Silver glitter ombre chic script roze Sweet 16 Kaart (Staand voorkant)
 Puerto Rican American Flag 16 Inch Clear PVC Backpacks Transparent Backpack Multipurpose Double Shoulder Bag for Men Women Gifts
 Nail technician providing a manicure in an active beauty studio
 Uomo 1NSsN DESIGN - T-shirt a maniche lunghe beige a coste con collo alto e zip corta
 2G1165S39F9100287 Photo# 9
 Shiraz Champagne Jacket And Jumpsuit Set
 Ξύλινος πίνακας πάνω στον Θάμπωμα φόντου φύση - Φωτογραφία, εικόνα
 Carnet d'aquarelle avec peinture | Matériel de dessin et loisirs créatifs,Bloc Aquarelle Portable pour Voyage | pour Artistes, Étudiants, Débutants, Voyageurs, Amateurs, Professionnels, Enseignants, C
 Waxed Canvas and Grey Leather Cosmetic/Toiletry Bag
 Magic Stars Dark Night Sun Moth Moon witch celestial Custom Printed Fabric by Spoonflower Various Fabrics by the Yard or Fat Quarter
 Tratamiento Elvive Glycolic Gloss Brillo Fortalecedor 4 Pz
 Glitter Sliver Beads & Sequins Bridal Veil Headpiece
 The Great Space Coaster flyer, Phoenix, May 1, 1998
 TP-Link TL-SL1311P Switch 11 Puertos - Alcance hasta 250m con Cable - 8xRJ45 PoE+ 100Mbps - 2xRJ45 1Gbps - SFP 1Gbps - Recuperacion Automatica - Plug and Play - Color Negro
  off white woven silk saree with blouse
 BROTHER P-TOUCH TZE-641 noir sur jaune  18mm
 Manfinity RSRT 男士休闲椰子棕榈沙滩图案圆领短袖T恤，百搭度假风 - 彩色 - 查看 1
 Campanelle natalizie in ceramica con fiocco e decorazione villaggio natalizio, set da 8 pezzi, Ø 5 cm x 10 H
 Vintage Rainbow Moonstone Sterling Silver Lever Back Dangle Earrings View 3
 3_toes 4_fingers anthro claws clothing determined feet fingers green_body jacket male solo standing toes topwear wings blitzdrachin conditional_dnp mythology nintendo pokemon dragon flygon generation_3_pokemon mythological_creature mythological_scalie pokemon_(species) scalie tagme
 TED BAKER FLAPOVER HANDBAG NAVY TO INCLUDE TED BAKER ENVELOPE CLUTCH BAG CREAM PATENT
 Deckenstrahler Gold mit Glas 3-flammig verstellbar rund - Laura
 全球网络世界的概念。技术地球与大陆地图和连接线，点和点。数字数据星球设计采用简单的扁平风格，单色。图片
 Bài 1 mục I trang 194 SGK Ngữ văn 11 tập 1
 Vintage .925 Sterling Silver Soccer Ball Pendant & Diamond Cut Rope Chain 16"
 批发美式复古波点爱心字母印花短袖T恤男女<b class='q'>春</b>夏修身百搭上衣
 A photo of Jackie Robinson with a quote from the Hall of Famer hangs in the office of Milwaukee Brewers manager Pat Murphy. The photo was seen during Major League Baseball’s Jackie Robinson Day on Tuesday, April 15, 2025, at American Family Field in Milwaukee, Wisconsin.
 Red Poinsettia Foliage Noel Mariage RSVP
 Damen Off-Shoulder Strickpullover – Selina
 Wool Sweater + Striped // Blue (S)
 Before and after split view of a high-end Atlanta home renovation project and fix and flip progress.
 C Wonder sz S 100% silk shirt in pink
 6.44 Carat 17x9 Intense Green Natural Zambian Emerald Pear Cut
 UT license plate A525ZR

------------------------------------------------

# YOUR INSTRUCTIONS
Among the entries above, locate the lines containing "Tratamiento Elvive Glycolic" and "Vintage Rainbow Moonstone", and transcribe exactly those two lines and all lines between.

# REPLY TO THE TASK
 Tratamiento Elvive Glycolic Gloss Brillo Fortalecedor 4 Pz
 Glitter Sliver Beads & Sequins Bridal Veil Headpiece
 The Great Space Coaster flyer, Phoenix, May 1, 1998
 TP-Link TL-SL1311P Switch 11 Puertos - Alcance hasta 250m con Cable - 8xRJ45 PoE+ 100Mbps - 2xRJ45 1Gbps - SFP 1Gbps - Recuperacion Automatica - Plug and Play - Color Negro
  off white woven silk saree with blouse
 BROTHER P-TOUCH TZE-641 noir sur jaune  18mm
 Manfinity RSRT 男士休闲椰子棕榈沙滩图案圆领短袖T恤，百搭度假风 - 彩色 - 查看 1
 Campanelle natalizie in ceramica con fiocco e decorazione villaggio natalizio, set da 8 pezzi, Ø 5 cm x 10 H
 Vintage Rainbow Moonstone Sterling Silver Lever Back Dangle Earrings View 3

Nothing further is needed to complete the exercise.